Didier Migaud a tenu à réitérer cet engagement, tout en reconnaissant la difficulté financière actuelle. Lors de la prestation de serment des étudiants de l’École nationale des greffes de Dijon, il a insisté sur l’importance de trouver des solutions pour maintenir les investissements nécessaires au bon fonctionnement des services de la justice. « Vous pouvez compter sur moi pour défendre les intérêts de ce ministère », a-t-il déclaré, tout en se montrant plus prudent lors d’une conférence de presse, indiquant « espérer » que les engagements budgétaires soient tenus.

Éric Dupond-Moretti avait annoncé une augmentation significative du budget de la justice, passant de 7,6 milliards d’euros en 2020 à près de 11 milliards d’ici 2027. Ces fonds sont destinés à recruter 1 500 magistrats, 1 800 greffiers et 1 100 contractuels supplémentaires, ainsi qu’à poursuivre la construction de 18 000 nouvelles places de prison. Pour Didier Migaud, il est « indispensable » de respecter cette loi, car il estime que « la justice a souvent été considérée comme un parent pauvre » et qu’un effort significatif a déjà été entrepris, qu’il faut à présent prolonger.

Un débat sur la vision de la justice : entre progressisme et fermeté

Didier Migaud, successeur de Dupond-Moretti depuis le 23 septembre, s’inscrit dans la lignée des grandes figures de la gauche judiciaire, telles que Robert Badinter, Christiane Taubira et Nicole Belloubet. Cette affiliation marque son engagement en faveur d’une justice « progressiste », qui privilégie la réinsertion des condamnés, contrairement à la conception « punitive », généralement soutenue par la droite, qui mise sur la dissuasion par la sanction.

Les ministres de la Justice issus de la gauche ont souvent été des figures clivantes, comme Robert Badinter, nommé en 1981, qui a défendu l’abolition de la peine de mort malgré l’opposition majoritaire de la population. Sa proximité avec le Syndicat de la magistrature, association engagée pour une vision progressiste de la justice, a marqué son mandat, tout comme celui de Christiane Taubira plus tard.

À l’inverse, la droite a choisi des personnalités modérées et s’est montrée hésitante entre des mesures de fermeté, telles que les peines planchers, et des approches plus progressistes, comme les aménagements de peine automatiques. Cette dualité persiste aujourd’hui, alors que Didier Migaud a fait allusion à ses divergences avec le ministre de l’Intérieur, Bruno Retailleau, qui prône une plus grande fermeté en matière de justice. « La justice est sévère », a affirmé Migaud, précisant qu’il souhaitait « expliquer » cette réalité aux citoyens pour dissiper les malentendus.

Les attentes de la population : des mesures de fermeté pour plus de sécurité

Les tensions entre ces deux visions de la justice – progressiste et punitive – se retrouvent également dans les attentes des citoyens.
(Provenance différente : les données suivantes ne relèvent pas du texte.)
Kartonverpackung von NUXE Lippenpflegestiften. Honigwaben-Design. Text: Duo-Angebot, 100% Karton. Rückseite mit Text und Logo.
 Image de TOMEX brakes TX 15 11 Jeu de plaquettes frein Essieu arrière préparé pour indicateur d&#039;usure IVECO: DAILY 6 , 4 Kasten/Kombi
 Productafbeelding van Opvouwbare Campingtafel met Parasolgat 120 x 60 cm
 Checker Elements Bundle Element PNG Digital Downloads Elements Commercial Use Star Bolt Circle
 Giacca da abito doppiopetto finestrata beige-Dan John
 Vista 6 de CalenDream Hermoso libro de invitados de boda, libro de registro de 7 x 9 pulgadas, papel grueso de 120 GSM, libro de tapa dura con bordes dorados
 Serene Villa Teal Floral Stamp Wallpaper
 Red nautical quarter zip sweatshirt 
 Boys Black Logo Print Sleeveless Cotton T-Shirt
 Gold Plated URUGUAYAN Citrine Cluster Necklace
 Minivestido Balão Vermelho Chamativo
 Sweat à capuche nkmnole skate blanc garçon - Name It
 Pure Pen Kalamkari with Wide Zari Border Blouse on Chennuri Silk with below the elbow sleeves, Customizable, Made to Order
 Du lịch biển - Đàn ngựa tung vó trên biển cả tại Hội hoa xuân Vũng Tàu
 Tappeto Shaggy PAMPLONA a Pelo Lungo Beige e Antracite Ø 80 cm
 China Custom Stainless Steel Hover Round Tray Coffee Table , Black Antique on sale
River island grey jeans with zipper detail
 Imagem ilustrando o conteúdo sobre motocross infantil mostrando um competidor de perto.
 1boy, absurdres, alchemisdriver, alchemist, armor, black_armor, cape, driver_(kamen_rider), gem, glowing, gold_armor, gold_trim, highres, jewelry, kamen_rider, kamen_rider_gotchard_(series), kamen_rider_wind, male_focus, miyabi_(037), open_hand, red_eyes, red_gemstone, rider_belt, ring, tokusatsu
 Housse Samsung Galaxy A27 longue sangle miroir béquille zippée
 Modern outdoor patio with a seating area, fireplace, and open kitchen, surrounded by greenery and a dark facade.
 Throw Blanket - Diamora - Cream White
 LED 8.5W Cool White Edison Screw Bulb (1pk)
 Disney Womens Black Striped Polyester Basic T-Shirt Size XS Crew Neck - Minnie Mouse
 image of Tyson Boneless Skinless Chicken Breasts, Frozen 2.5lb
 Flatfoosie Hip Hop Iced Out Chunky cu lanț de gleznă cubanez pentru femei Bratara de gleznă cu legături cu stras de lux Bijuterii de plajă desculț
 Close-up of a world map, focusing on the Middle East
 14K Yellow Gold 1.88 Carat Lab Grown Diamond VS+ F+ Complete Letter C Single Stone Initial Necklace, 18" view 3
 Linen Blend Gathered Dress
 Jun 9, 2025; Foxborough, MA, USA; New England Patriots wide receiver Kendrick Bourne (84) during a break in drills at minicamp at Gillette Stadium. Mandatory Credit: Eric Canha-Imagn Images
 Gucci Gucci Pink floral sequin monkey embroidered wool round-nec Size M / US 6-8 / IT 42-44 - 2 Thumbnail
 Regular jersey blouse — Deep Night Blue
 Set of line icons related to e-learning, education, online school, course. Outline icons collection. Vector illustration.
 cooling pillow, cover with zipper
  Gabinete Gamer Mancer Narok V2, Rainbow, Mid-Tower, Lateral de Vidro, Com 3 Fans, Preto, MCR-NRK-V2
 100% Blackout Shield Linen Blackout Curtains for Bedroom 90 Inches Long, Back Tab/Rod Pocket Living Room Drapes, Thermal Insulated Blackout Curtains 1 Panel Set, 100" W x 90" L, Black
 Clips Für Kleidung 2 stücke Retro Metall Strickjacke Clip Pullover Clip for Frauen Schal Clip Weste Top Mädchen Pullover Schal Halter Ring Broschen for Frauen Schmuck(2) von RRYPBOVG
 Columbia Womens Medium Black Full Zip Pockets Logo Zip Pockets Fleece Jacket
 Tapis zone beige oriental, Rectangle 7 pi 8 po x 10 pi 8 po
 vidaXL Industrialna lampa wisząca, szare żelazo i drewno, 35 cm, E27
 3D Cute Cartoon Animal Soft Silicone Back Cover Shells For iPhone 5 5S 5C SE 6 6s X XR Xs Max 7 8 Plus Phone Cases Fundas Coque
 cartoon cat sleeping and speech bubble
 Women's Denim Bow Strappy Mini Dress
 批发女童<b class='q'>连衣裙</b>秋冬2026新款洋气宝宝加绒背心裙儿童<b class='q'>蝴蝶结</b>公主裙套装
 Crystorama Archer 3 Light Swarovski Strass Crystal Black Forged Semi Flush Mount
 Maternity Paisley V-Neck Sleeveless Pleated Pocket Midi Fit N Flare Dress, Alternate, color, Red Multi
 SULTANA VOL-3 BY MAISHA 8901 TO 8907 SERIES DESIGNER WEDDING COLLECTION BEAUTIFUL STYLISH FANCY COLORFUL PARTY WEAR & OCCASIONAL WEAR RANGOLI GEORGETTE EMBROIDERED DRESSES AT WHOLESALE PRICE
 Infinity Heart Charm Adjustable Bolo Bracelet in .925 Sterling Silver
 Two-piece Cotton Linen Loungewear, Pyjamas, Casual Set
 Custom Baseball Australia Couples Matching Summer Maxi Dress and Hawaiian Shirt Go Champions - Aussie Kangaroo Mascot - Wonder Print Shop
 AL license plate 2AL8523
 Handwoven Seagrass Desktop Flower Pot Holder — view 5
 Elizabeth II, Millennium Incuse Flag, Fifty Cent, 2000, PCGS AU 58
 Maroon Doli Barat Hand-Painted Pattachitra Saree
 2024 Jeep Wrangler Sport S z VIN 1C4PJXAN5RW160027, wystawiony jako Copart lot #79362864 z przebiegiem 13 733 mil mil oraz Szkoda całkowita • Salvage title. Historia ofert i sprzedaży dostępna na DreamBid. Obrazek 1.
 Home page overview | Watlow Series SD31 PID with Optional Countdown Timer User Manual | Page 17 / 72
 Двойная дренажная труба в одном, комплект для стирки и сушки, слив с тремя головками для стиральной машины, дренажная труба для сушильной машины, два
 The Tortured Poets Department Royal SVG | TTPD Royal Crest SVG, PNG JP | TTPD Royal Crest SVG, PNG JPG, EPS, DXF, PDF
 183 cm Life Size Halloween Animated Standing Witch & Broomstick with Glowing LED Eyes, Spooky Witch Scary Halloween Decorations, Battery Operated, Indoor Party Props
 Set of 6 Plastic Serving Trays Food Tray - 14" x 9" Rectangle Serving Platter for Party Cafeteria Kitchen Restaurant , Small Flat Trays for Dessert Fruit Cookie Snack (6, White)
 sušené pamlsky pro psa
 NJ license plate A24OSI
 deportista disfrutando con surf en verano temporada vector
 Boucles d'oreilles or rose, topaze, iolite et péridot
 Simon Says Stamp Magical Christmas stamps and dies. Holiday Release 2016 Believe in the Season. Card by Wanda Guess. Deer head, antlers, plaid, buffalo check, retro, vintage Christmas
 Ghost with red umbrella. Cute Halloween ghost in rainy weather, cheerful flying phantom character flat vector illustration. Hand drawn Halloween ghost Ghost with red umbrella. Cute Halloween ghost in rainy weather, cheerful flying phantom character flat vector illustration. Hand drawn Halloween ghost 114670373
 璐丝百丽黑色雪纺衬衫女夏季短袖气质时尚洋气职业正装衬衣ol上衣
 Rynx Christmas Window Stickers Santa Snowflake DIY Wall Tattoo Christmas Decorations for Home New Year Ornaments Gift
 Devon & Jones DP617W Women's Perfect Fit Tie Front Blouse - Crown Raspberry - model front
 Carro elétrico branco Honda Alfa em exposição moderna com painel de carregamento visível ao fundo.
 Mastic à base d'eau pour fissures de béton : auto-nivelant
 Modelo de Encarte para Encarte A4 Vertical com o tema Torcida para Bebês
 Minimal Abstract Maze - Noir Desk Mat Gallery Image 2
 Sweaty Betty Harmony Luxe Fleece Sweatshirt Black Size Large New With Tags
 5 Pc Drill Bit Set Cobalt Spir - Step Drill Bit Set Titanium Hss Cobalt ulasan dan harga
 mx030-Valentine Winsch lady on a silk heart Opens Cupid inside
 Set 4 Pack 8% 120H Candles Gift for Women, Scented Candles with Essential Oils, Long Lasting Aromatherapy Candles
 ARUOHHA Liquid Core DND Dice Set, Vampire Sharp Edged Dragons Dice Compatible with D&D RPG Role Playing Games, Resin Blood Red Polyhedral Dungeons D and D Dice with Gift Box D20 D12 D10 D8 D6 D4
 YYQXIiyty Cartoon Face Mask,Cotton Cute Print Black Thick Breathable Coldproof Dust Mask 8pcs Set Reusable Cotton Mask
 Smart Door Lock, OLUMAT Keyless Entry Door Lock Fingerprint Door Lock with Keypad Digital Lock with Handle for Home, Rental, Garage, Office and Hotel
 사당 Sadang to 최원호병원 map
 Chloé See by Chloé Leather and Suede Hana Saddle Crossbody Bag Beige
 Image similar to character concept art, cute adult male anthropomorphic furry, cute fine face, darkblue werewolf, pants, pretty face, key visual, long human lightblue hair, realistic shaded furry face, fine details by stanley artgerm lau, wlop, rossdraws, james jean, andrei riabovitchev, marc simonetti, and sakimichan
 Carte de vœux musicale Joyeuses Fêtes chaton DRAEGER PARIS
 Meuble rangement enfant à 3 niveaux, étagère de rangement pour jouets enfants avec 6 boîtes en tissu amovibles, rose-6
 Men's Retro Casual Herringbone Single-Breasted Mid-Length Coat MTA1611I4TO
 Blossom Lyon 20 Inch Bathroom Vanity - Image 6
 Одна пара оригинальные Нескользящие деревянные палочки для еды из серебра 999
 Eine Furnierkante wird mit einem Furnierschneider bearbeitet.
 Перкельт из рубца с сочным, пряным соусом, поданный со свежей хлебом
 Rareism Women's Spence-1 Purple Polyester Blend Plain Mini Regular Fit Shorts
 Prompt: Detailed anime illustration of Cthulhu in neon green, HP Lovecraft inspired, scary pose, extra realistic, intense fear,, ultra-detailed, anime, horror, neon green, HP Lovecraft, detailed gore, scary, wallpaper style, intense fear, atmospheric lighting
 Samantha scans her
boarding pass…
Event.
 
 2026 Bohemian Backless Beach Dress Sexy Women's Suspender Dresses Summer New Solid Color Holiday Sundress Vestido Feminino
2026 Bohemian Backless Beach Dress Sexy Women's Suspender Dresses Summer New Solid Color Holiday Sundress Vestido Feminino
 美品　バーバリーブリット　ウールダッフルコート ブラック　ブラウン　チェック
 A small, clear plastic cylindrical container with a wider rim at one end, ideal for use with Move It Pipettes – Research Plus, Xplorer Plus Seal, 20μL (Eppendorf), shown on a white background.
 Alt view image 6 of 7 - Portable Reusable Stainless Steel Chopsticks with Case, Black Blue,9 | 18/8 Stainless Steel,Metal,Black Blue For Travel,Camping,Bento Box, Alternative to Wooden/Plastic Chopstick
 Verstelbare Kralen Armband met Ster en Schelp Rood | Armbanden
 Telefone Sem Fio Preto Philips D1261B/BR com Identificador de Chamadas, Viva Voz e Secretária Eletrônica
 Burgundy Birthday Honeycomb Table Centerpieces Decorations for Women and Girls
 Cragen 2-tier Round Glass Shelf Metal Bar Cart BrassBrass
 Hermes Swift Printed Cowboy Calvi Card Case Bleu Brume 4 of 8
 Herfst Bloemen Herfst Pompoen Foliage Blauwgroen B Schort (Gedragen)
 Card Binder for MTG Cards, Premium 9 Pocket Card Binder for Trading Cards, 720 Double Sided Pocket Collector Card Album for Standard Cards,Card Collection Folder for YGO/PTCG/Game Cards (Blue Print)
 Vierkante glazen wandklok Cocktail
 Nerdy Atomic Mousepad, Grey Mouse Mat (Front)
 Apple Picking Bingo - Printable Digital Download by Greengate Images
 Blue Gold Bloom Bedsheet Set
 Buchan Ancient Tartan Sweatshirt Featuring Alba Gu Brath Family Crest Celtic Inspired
Les sondages montrent que la majorité des Français réclament des mesures plus strictes, telles que le retour des peines planchers, la limitation des aménagements de peine, ou encore l’expulsion systématique des délinquants étrangers. Le peuple semble se positionner en faveur d’une justice qui priorise la sécurité et la protection des citoyens.

Le défi pour Didier Migaud sera de répondre à cette demande populaire tout en restant fidèle à une approche progressiste. Cela implique un équilibre délicat entre la fermeté nécessaire pour garantir la sécurité publique et la volonté de réinsertion, au cœur de la doctrine qu’il défend. Les mois à venir seront cruciaux pour voir si le nouveau garde des Sceaux parviendra à concilier ces deux exigences au sein de la politique judiciaire française.